Don’t be Fooled by Hadoop’s Complexity: A Guide on How to Avoid Big Data’s Pitfalls

Digital Content Market

Following is the second installment in a three-part series from BlueData on the complexity of Big Data and Hadoop implementation. Check out their previous post, entitled “Big Data, Big Opportunity Cost”.

Join us next week (April 8th), when BlueData’s co-founder and CEO, Kumar Sreekanti, discusses “Hadoop-as-a-Service:  Cost, Agility & Results that enterprises should expect demand”.

In the meantime, check out Technavio’s report on the Global Hadoop as a Service Market.


Last week, my colleague Greg Kirchoff outlined the state of the union with Big Data in the enterprise – and it is not pretty. While the possibilities with Big Data are tantalizing, the reality is that current approaches have left business users frustrated and IT teams overwhelmed with the complexity.

Enterprises of all sizes have identified a clear need to streamline their Big Data initiatives. This is an open challenge to the Big Data community.

Technavio’s March 9th article, “Big Data Demand Boosts Hadoop as a Service” outlines a trend with SMEs that could be the foundation for new approaches for enterprises of all sizes.

Talk to any data analyst (or scientist) in any large enterprise and they will confirm their frustration with on-premises Hadoop. Dig deeper and you will find that they find the consumption model for Big Data in public clouds like Amazon, Azure and Google Compute very appealing in terms of agility and time to insight.  

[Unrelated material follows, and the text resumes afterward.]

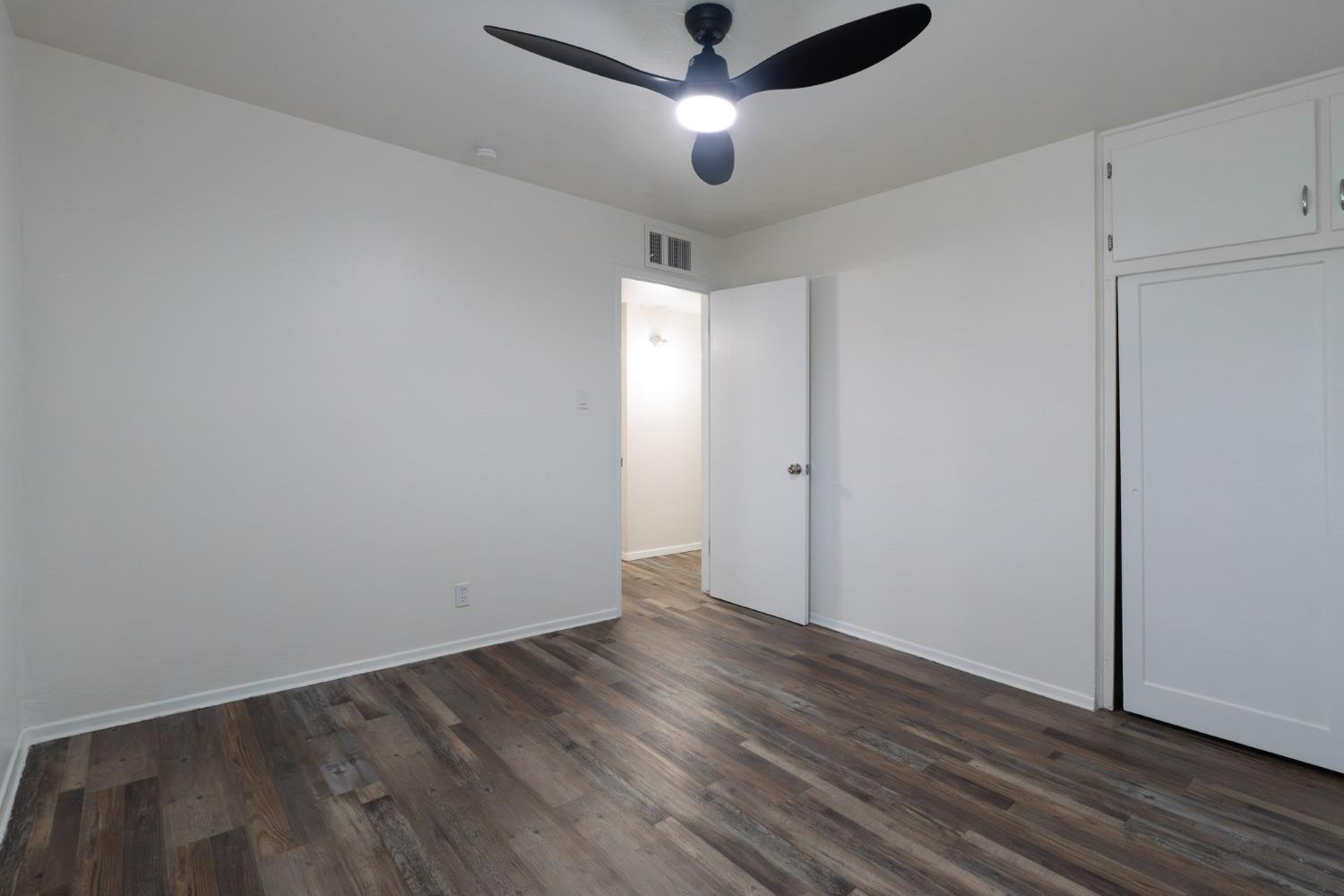 1812 W Bellaire Way, Fresno, CA 93705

So the obvious question becomes, why not bring the Hadoop-as-a-service approach (i.e. Amazon EMR-like experience) on-premises, and attack the common pitfalls of Big Data that are the root cause of complexity and cost?

Hadoop

This proven Hadoop-as-a-service approach for on-premises systems not only addresses the common pitfalls but also ensures enterprises are able to quickly, cost-effectively and consistently derive value from their growing data sets.

Key benefits include:

Make Big Data available to everyone. As more stakeholders within an organization realize the potential of Big Data and demand access to a company’s resources, a Big Data infrastructure must be flexible enough to accommodate all their needs.   

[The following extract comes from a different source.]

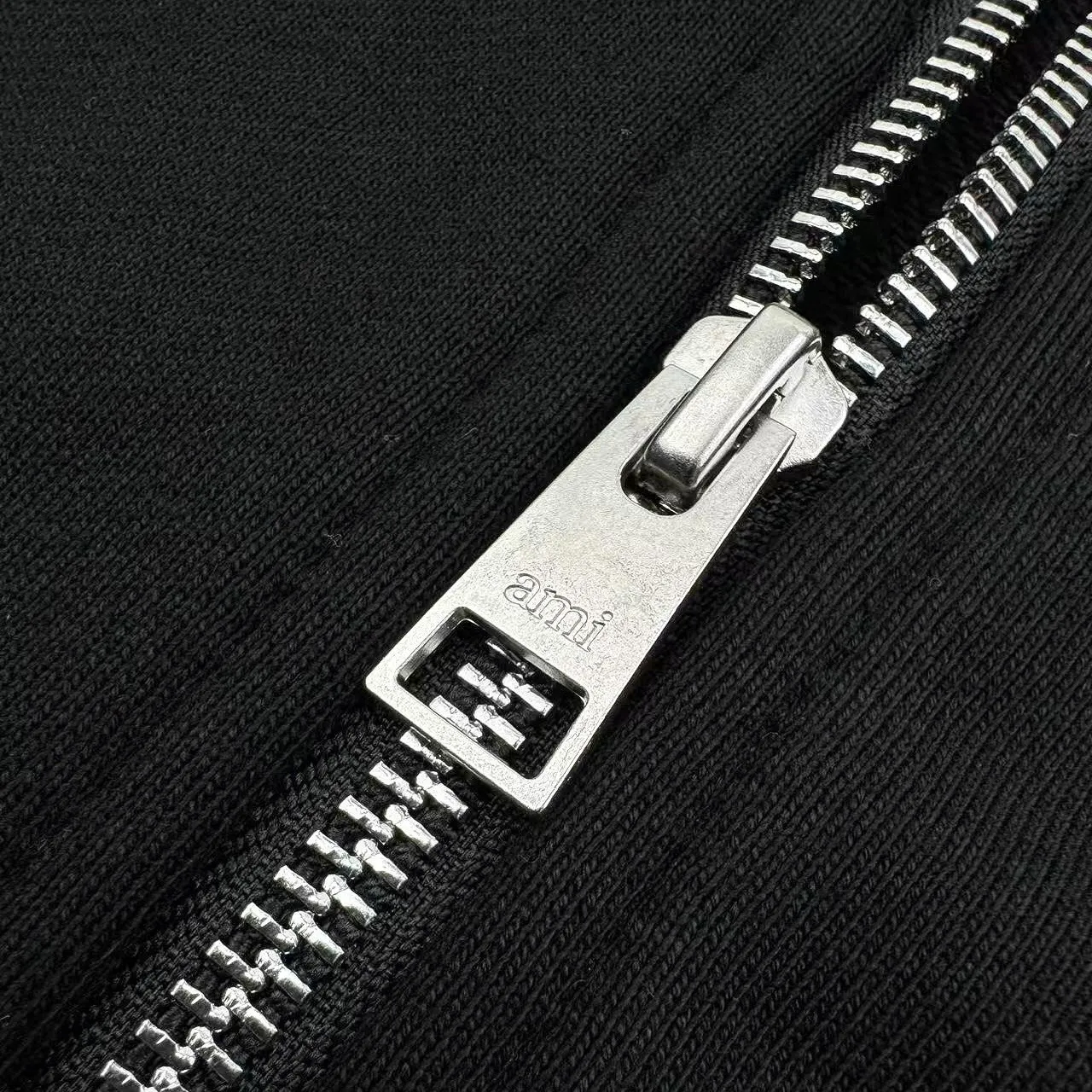 🅿️480 [Exclusive supply] Ami love embroidered hooded jacket (black). The original purchase was RMB 3,400. The fabric is made of custom-made mercerized cotton. It feels delicate and comfortable against the skin. It is based on matte gray. It comes with a soft light filter. The black silk thread dances on the chest with love embroidery. It is low-key and powerful. The French romantic code is engraved. It is the ultimate simplification of color. It also conveys the love and persistence of life. Use simplicity to control complexity, outline the silhouette with freedom, and use imported machine embroidery technology. Use advanced computer control systems and precision mechanical components to realize Ami love embroidery operations with high precision. The lines are smooth and delicate, and the fabrics have been washed. It has a better hand feel and texture. It is not easy to deform, not easy to shrink, not easy to fade, and maintains long-term beauty. Size:S-M-L-XL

  • Simplify the complexity of provisioning Big Data jobs so that non-experts have the capacity to build and manage their own jobs without the cost and expertise of Big Data infrastructure specialists.
  • Permit the simultaneous provisioning and running of multiple clusters so that users throughout the organization may create their own Big Data jobs as needed instead of waiting weeks or months.
  • Permit the use of any Big Data application (e.g. Hadoop, Spark, BI/ETL tools). Most Big Data infrastructures restrict an enterprise’s choice of applications to those that are provided by a specific vendor’s Hadoop distribution. A truly flexible infrastructure allows an organization to take advantage of any Big Data application available across the open source community.                              

Separate compute and storage. Infrastructure must be flexible enough to allow an enterprise to fully disconnect analytical processing from data storage. This sort of separation allows an organization to:              

  • Access data directly from the organization’s enterprise storage systems and avoid the expensive and time- consuming step of copying data to an HDFS prior to running any analytics.                                               
  • Keep sensitive data within an organization’s secure enterprise storage systems                 
  • Independently scale compute (CPU) and storage on an as-needed basis.

Take advantage of Big Data virtualization. When virtualization is wedded with the performance of an adaptable Big Data framework for Hadoop-as-a-Service on-premises, you can streamline operations and lower costs.                

  • Experience enterprise-grade data security not available through an IaaS or PaaS running in a public cloud.
  • Quickly scale operations as needed to take advantage of dynamic market conditions.
  • Realize significant capital expenditure savings.              

In conclusion, I leave you with this final word.  Hadoop’s complexity shouldn’t be the April Fools joke to your on-premises Big Data initiatives.  You can realize Amazon EMR-like simplicity while increasing performance, security, agility and speed while unleashing Big Data’s value to everyone within your organization.